In their paper, Cycles of Even Length in Graphs (http://renyi.hu/~miki/BondySimEven.pdf), Bondy and Simonovits prove that if a graph $G^n$ has $n$ vertices and at least $100kn^{1+1/k}$ edges then $G^n$ contains a cycle $C^{2l}$ of length $2l$ for every integer $l \in [k, kn^{1/k}]$.

Does this proof let us say anything about small (about 100 vertices) graphs? Since an undirected graph can only have at most $\frac{n(n-1)}{2}$ vertices, the lower bound on the number edges of set by Bondy and Simonovits can never be reached for these small graphs. Is there an equivalent formulation that is relevant for this size of graph?

Answer 1

That particular theorem is a "for all large enough $n$..." type result so I don't think it says much for small $n$. I'm not sure what would count as an equivalent formulation but it is interesting to ask why it has the form it does and what can be said about "if there are enough edges then their are cycles of a range of sizes."

With less than $n$ edges there need not be any cycles. For a connected graph with $n$ edges there is one cycle but it could be any size. With $n+1$ edges there are two cycles at least and a cycle using no more than about half the vertices (two bigger cycles would share vertices and create a smaller cycle.)

A complete bipartite graph has about $\frac{n^2}4$ edges but no odd cycles which is why the focus is on even length cycles.

Consider a graph with $n=2k+1$ made of $k$ triangles with a common vertex. There are no even length cycles and $\frac32 n -\frac12$ edges.

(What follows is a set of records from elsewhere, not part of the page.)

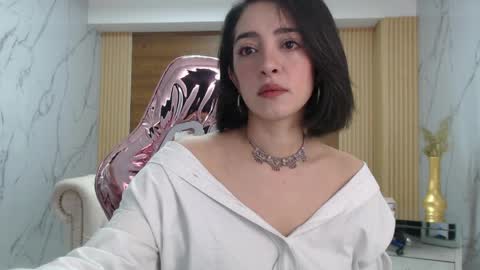 Sara  online show from March 30, 1:56 pm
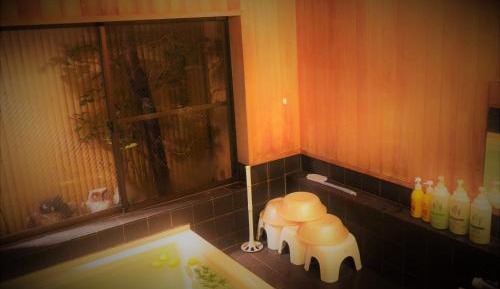 Single Room with Private Bathroom - Non-Smoking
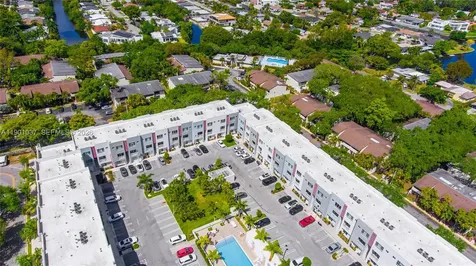 2555 NE 193rd Street Miami FL 33180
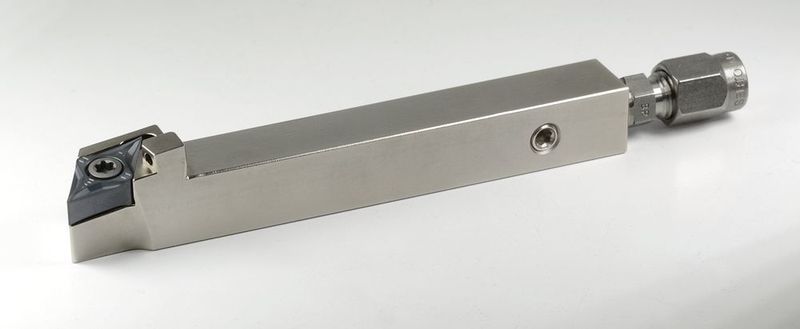 Un porte-outil Multidec-Lub pour plaquette Iso type D. Le canal pour le lubrifiant amène le fluide directement sur l'arête de coupe de la plaquette. (Utilis AG)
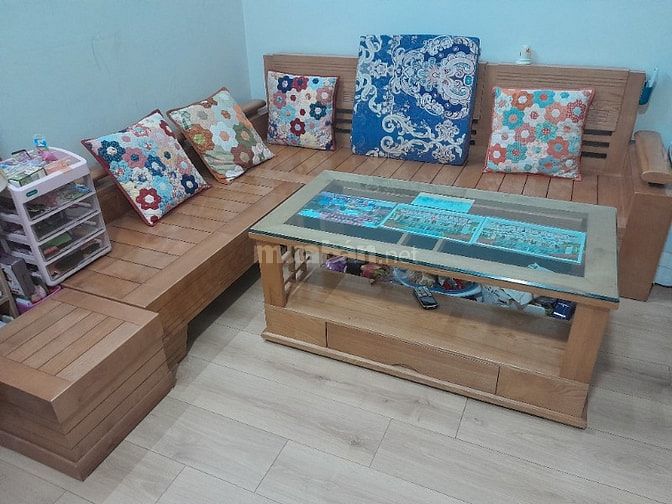 Bán bộ bàn ghế góc chữ L còn rất mới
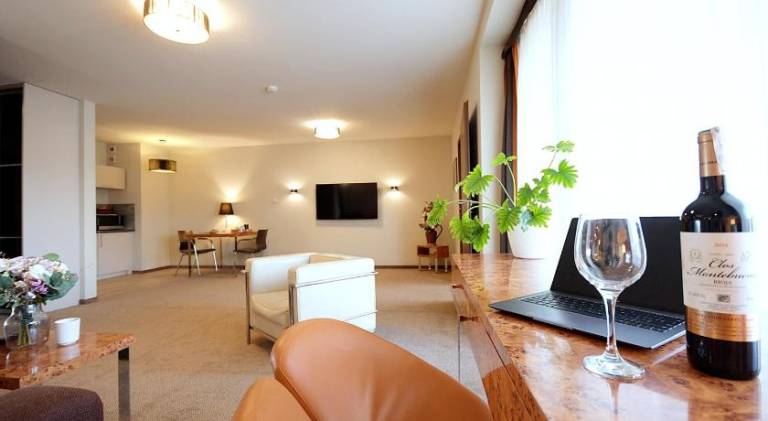 Holiday apartment with pool & hot tub — photo 4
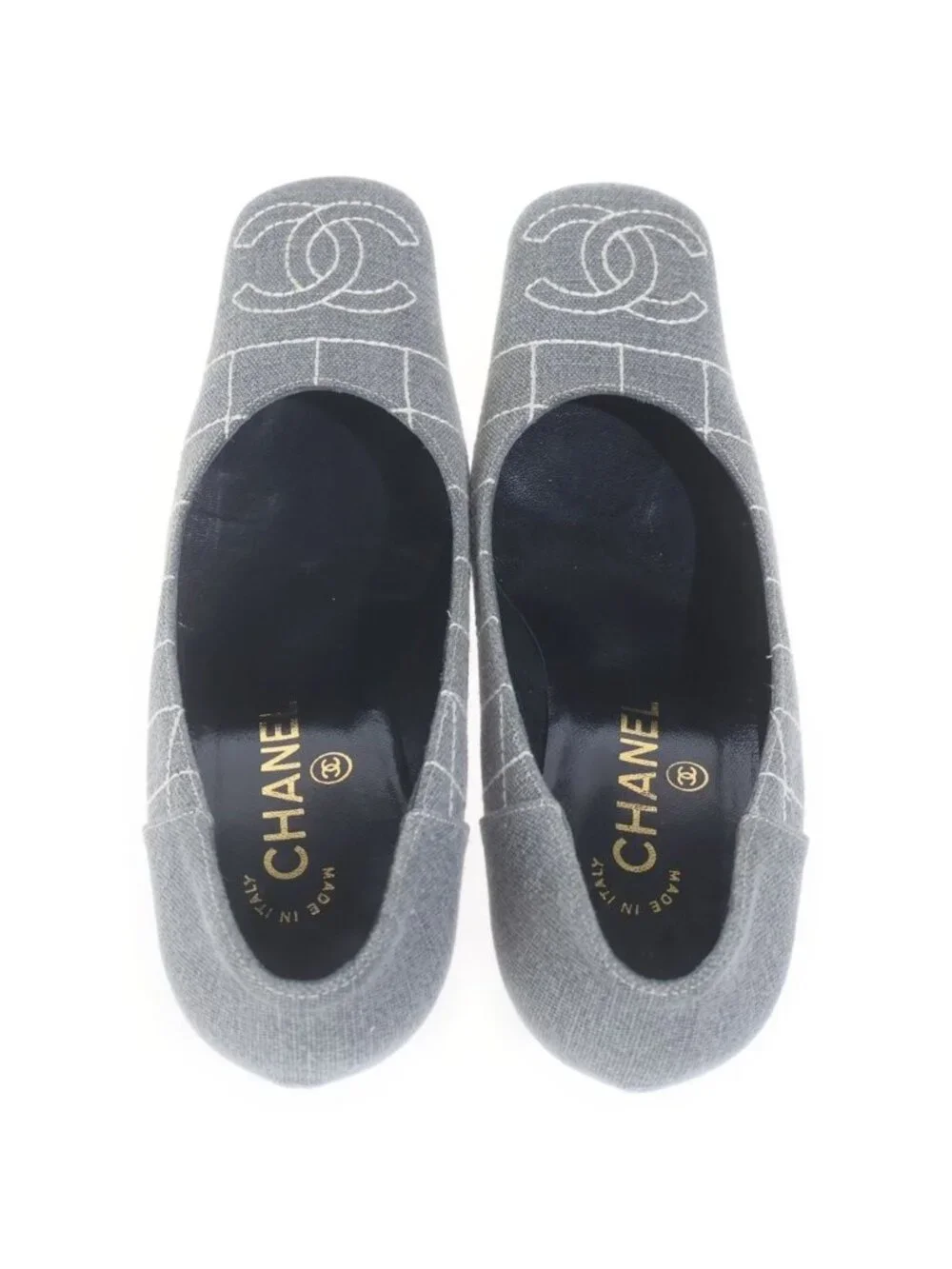 Chanel CC Logo Heels Pumps Gray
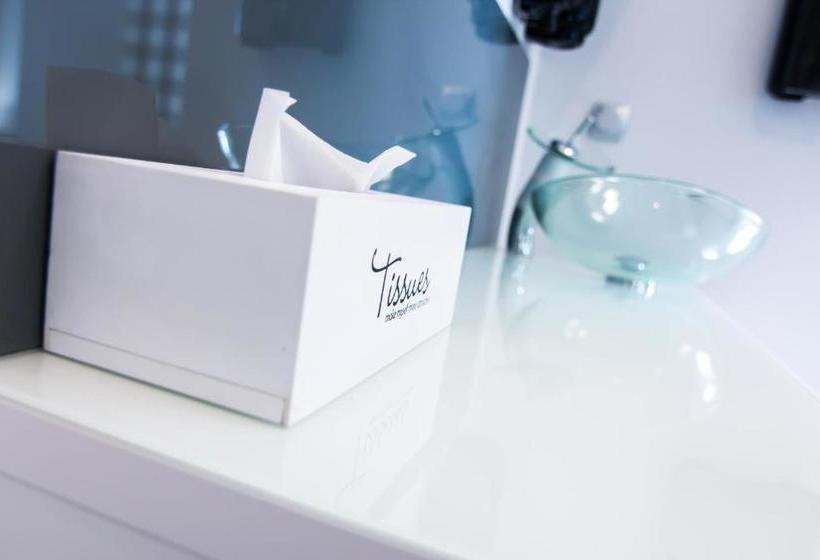 ホテル Spot On 41585 Green Pine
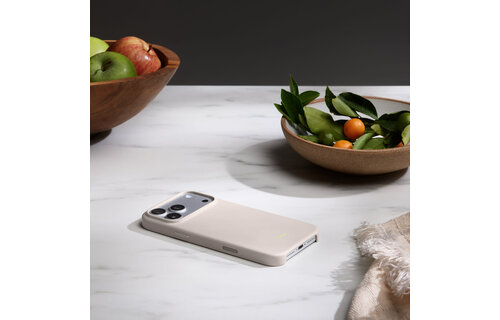 Apple Beats iPhone 17 Pro Max Case with MagSafe & Camera Control – Lime Stone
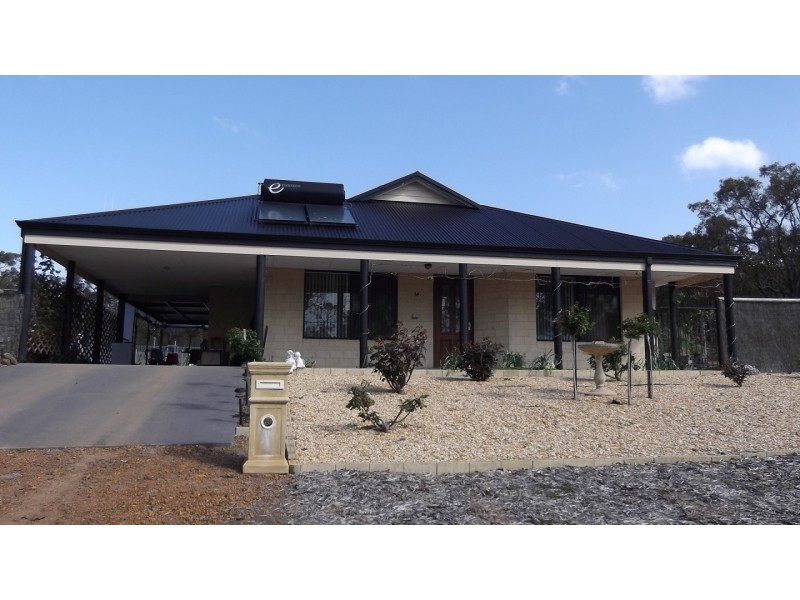 14 Thomas Street, Mount Barker WA 6324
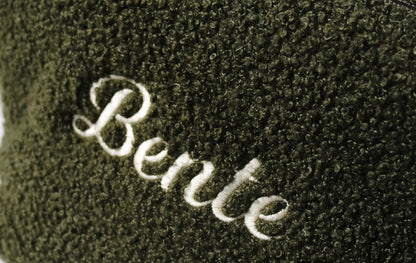 Gepersonaliseerde verjaardagskroon met naam geborduurd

With at least $\frac32n$ edges (i.e. average degree at least $3$) There must be a sub-graph which is a theta graph, three internally disjoint paths sharing endpoints, and hence some even length cycle.

A hexagonal grid rolled up into a torus is regular of degree $3$ with cycles of lengths $6,10,12$ but not $4$ or $8.$ However this is not that optimal.

For any $d$ and $c$ there are graphs with minimal cycle length $c$ and all vertices of degree $d$. The number of vertices, $n$ grows quickly though. So what can be said for $n \approx 100?$

There is a result I've seen several place, such as here that there are graphs with $\frac{n}4(1+\sqrt{4n-3})$ edges must have $4$ cycles. That is average degree about $10.4$ when $n=100.$ I'm not sure how sharp that is.

There is a graph on $50$ vertices regular of degree $7$ with no $4$-cycles. One can put two of those together sharing a vertex to get $n=99$ and average degree just over $7.$

A projective plane of order $7$ has $57$ points and the same number of lines. This gives a graph with $n=114$, regular of degree $8$ and minimum cycle length $6.$ The corresponding affine plane gives a subgraph with $n=105$ and average degree $7 \frac{7}{15}$.